Born in 1950, Shanley, the youngest of six, grew up in an Irish-Catholic family. Having grown up in what Shanley says, “a very violent neighborhood,” he found that writing served as a coping mechanism while living in the, “extremely anti-intellectual and extremely racist,” Bronx neighborhood of East Tremont. East Tremont was home to many working class Irish immigrant families where he, “often found himself in constant fist fights from the time I was six (Witchel, 2004).”

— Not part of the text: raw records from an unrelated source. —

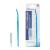 Wellsamed Wellsabrush Interentalbrush Starter Kit Set: Halter + 10 Brushes (ISO Sizes: 0-3) For effective cleaning of interdental spaces
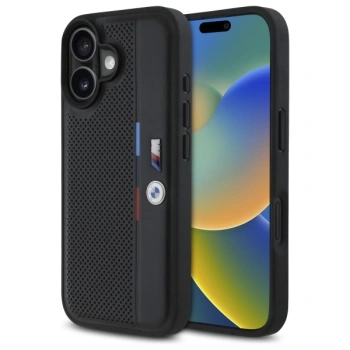 BMW BMHCP16S23PUPVK ETUI DO IPHONE 16 6.1 HARDCASE PERFORATED TRICOLOR LINE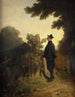 L'amant de roses - Carl Spitzweg — Ansicht des Kunstwerks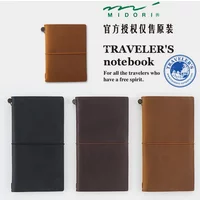 MIDORI travelers traveler's leather journal notebook Diary regular passport version journaling inserts inner page Sticker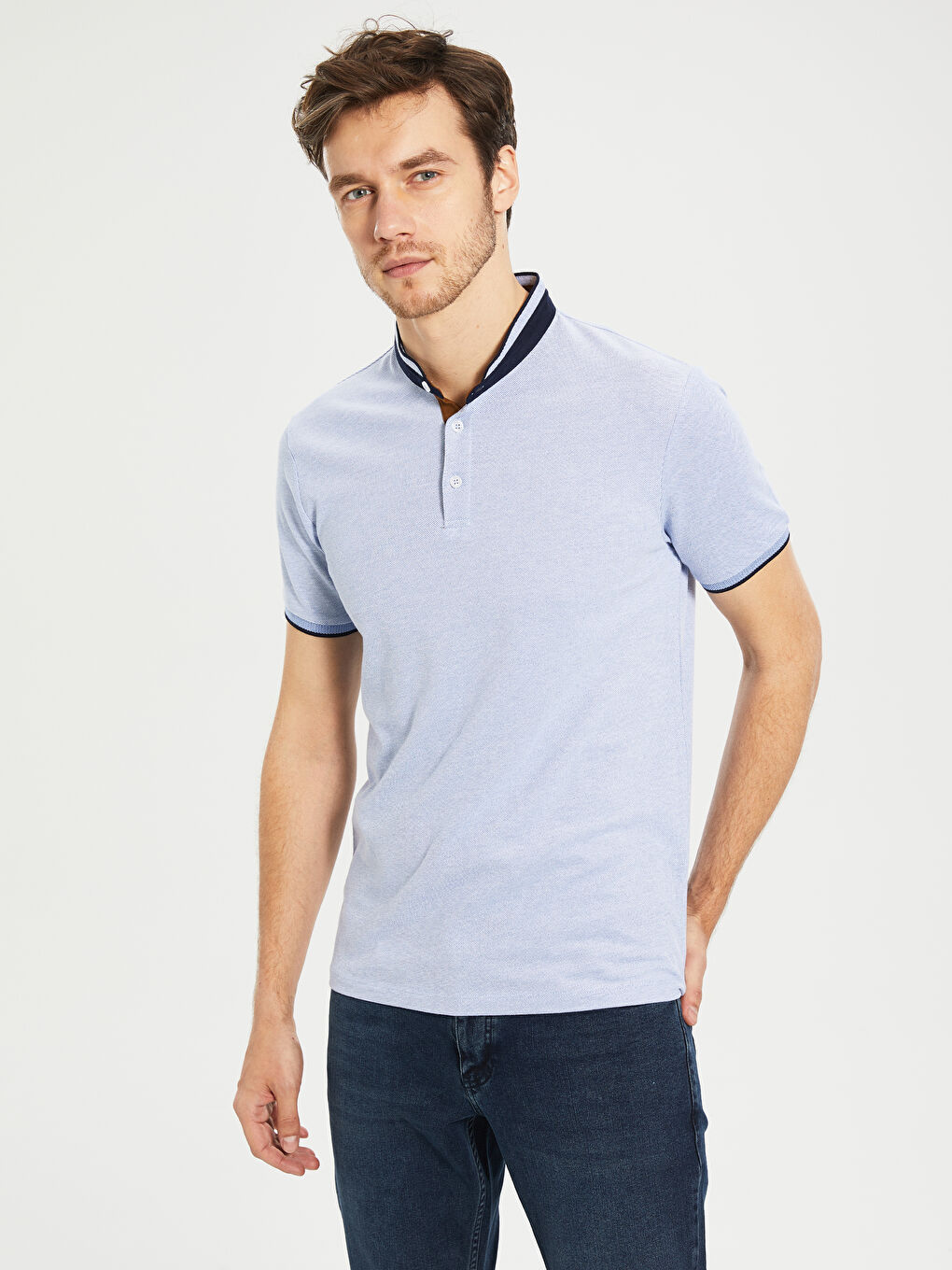 Чоловік СИНІЙ Футболка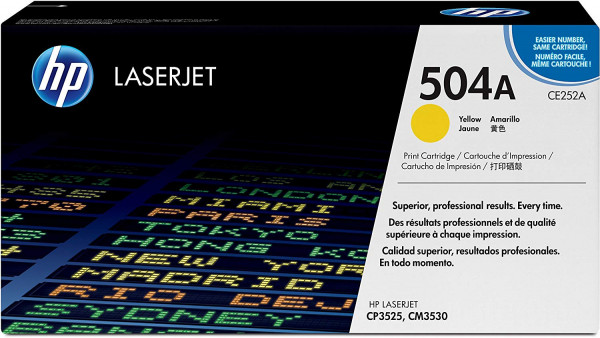 Original HP 504A CE252A Yellow Toner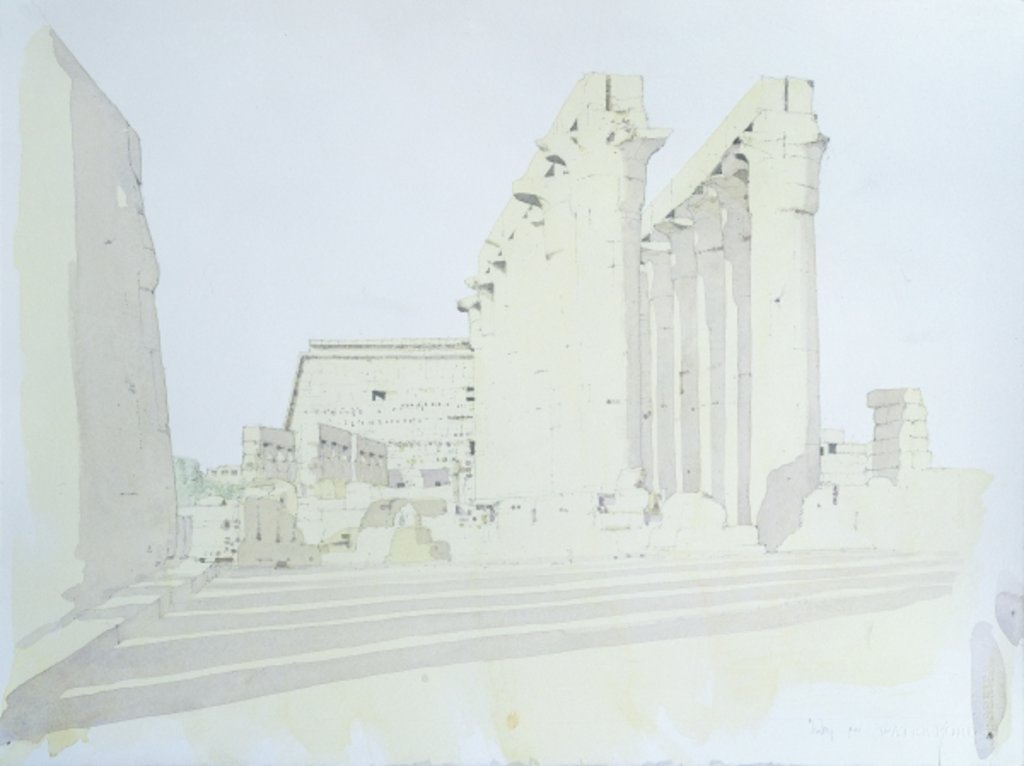 Detail of Luxor Temple by Charlie Millar
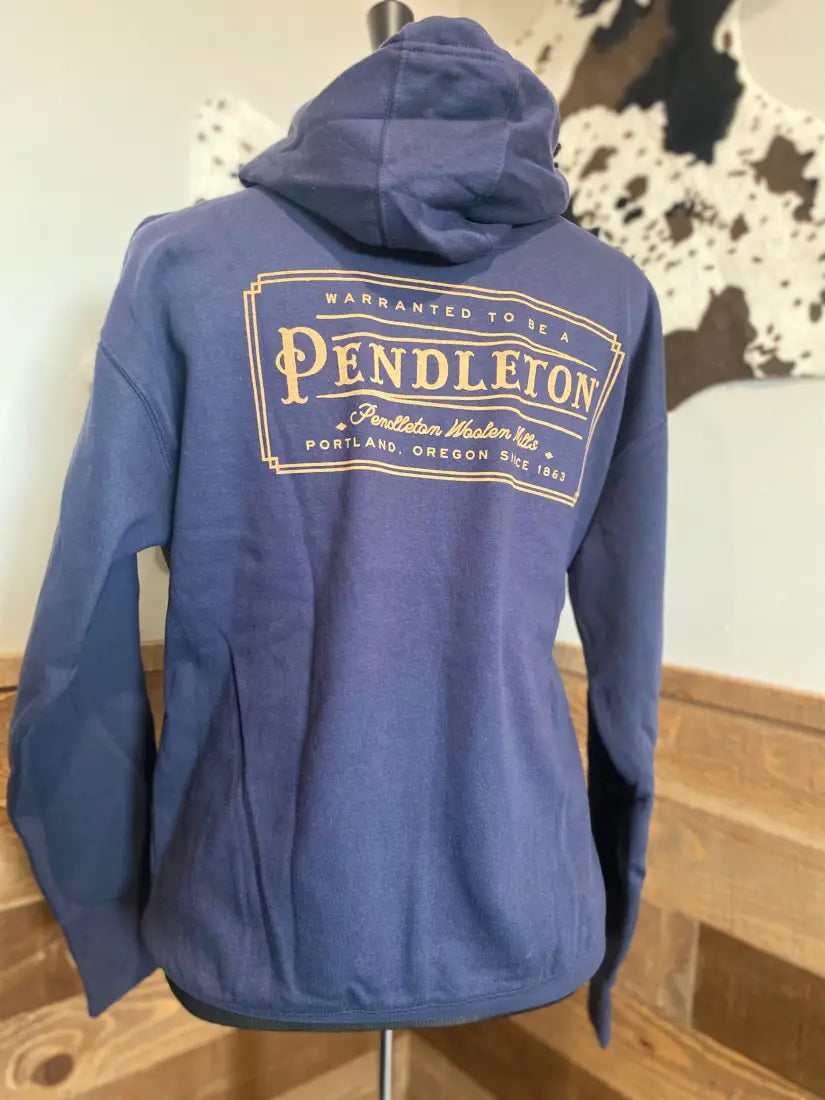 Pendleton Women’s Navy/Gold Heritage Logo Hoodie Men’s Pullover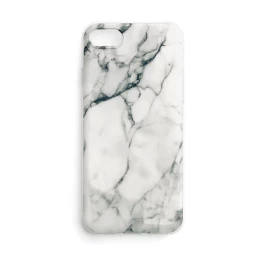 Gelinis Dėklas Marmurinis Samsung Galaxy M51 Marble White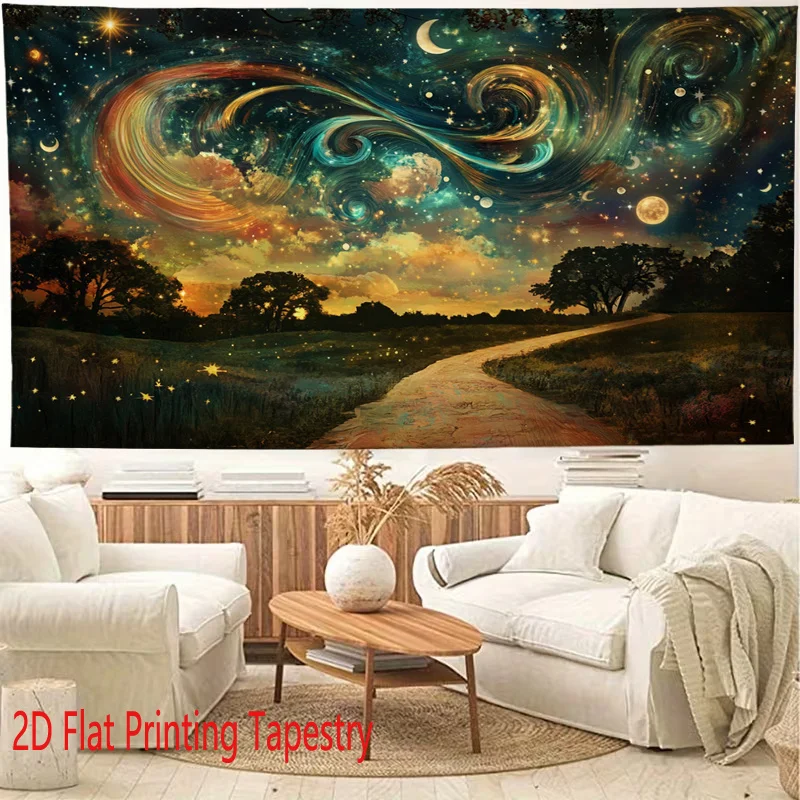 Dreamy Galaxy Nebula Tapestry Cosmic Space Wall Art Celestial Astronomy Decor Oversize Room Poster Print for Bedroom Living Room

From the beginning, Shanley had a hard time accepting the world of academe– having been, “thrown out of St. Helena’s kindergarten, banned from St. Anthony’s hot lunch program and expelled from Cardinal Spellman High school.” Going to Catholic schools was not his forte, however, after leaving the strictness of the all-boys Cardinal Spellman High School where Shanley said, “They beat children with their fists,” he found his way to the Catholic church affiliated Thomas Moore Preparatory School in Harrisville, New Hampshire. It was here that Shanley found the more benevolent teachers that would encourage his writing talents. As a teen, Shanley wrote copious amounts of poetry, a precursor to his skills as a prolific playwright (Witchell, 2004). After graduating from Thomas Moore he went to New York University where, after a year, his tenure was cut short due to poor grades. After enlisting in the Marines and a tour in Vietnam, Shanley would later return to New York University and at the age of 27 graduate valedictorian of his class from New York University‘s Steinhardt School of Culture, Education, and Human Development with a degree in Educational Theatre (John Patrick Shanley. (n.d.) in Wikipedia).
Since then John Patrick Shanley has become an American stage and film titan. As a playwright he has authored over 24 plays, he often directs much of what he has written and has written many a notable screenplay, of which include–the Academy Award winning Moonstruck, Congo, and Doubt (adapted from his play of the same name) (Doubt. (n.d.) In Wikipedia).